< 3rd term

BLAST

Last update on the 30th of October, 2017

Here I perform BLAST search in nucleotide databases and guess tazonomy, find genes and protein orthologs.

List of downloads
File Link
BLAST of proteins in sample organism table3.ods
Distance metrics distance.ods

Brief description of tasks

The following tasks were done and reported via Google Forms:

  • taxonomy identification of sample nucleotide sequence;
  • comparison of 3 BLAST algorithms;
  • protein homology in sample genome;
  • gene spotting in sample genome scaffold.

Some tasks needed additional information, which is stored in this page.

Taxonomy of sample sequence

Fig. 1. Tree of findings.

Various BLAST algorithms

Fig. 2. Diagram for megablast findings.
Fig. 3. Diagram for discontigous megablast findings.
Fig. 4. Diagram for blastn findings.

Protein homology

table3.ods

Gene finding

Fig. 5. Diagram for blastx findings.

Virus kinship by sequence similarity

distance.ods

I chose five viruses: banana streak OL, MY, GF, UA, IM. To estimate kinship of viruses I ran all-against-all tblastx, which compares translated query and database. Derieved table was cleaned with python script to cut off identical findings. To evaluate parameters for further workplace narrowing, alignment lengths were sorted and binned by length with step of 10 nt (fig. 6) in LibreOffice Calc. The boundary was set to 130 nt as bin size dramaticaly decreases since that point. Further analysis showed identities to be more than 30%; to cut off low-quality alignments, the bar was set to 40%. Then, python script cleaned the table with those parameters and E-value more than 1E-3.

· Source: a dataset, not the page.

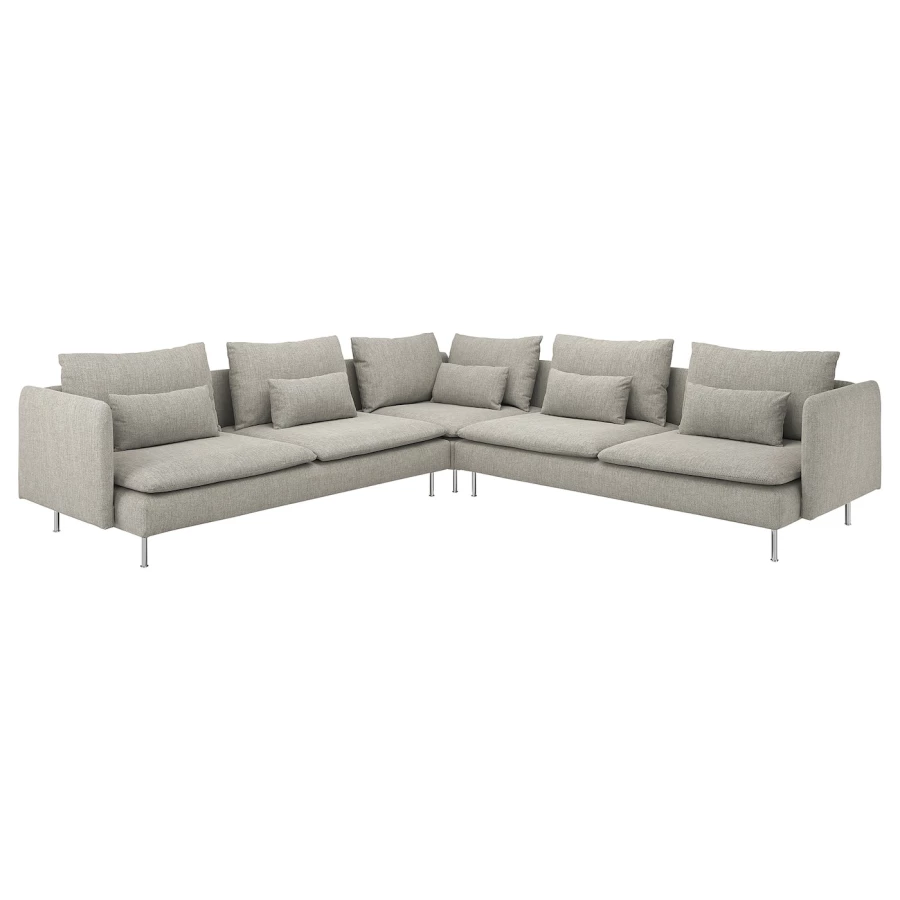 6-местный угловой диван - IKEA SÖDERHAMN/SODERHAMN, 99x291см, серый/светло-серый, СЕДЕРХАМН ИКЕА (изображение №1)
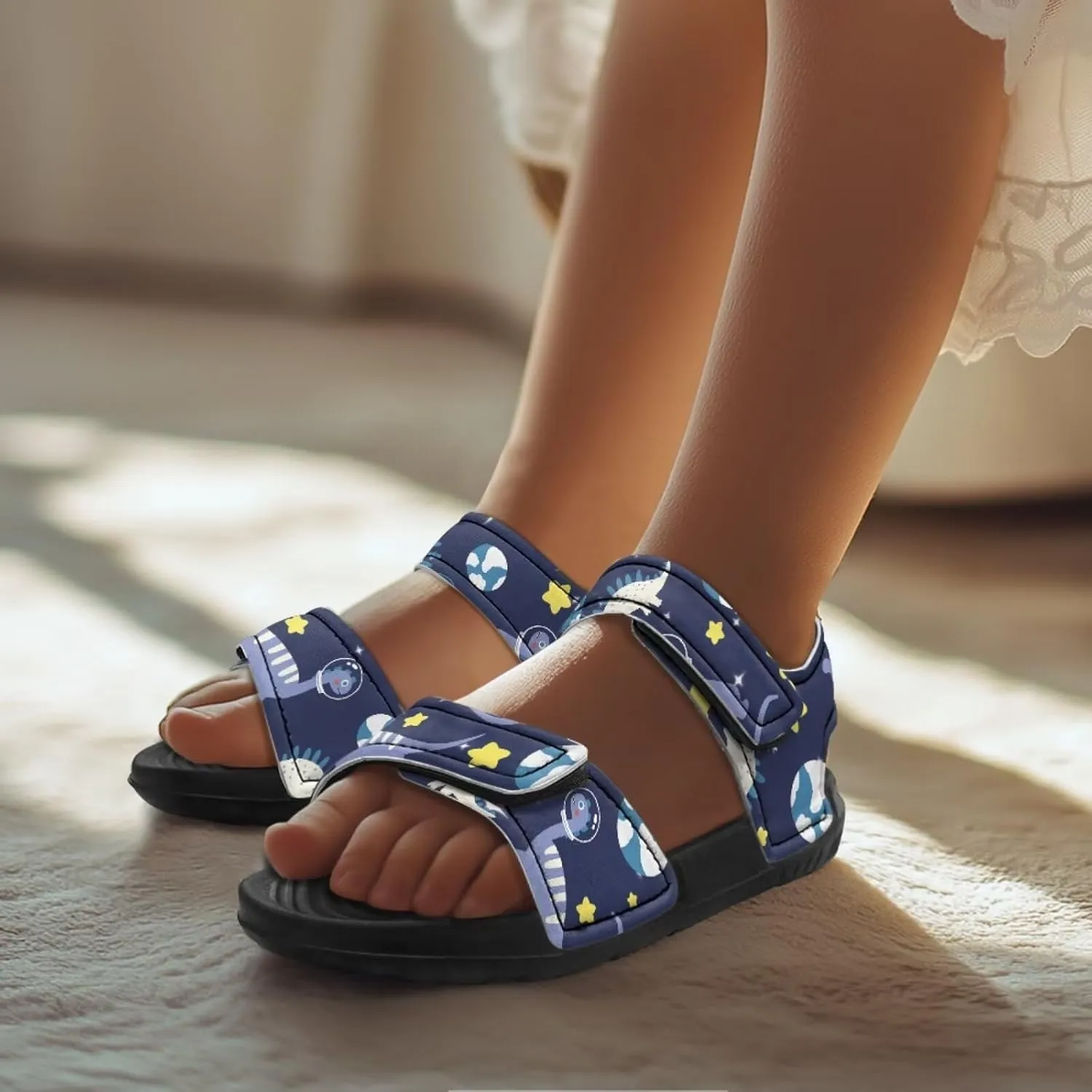 3D Dinosaur Camouflage Sandals for Boys Casual Outdoor Sport Athletic Sandals Adjustable Summer Beach Water Shoes for Kids and Toddler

Fig. 6. Alignment length bins counts.

Derieved table was further investigated. First, relations between several properties were built (fig. 7). Aignment length and its bit-score showed strong correlation (fig. 7a), which is obvious as low-quality alignments were cleaned off. Ddentity and bit-score showed weak correlation (fig. 7b) with increased dense at low values. However, group of several alignments showed strong correlation indicating putatively homologous DNA segments.

Fig. 7. Relations between properties of BLAST-derieved alignments.
(a) Strong correlation between alignment length and its bit-score. (b) Weak correlation between identity % and bit-score. (c) Two approaches for distance counting correlate weakly.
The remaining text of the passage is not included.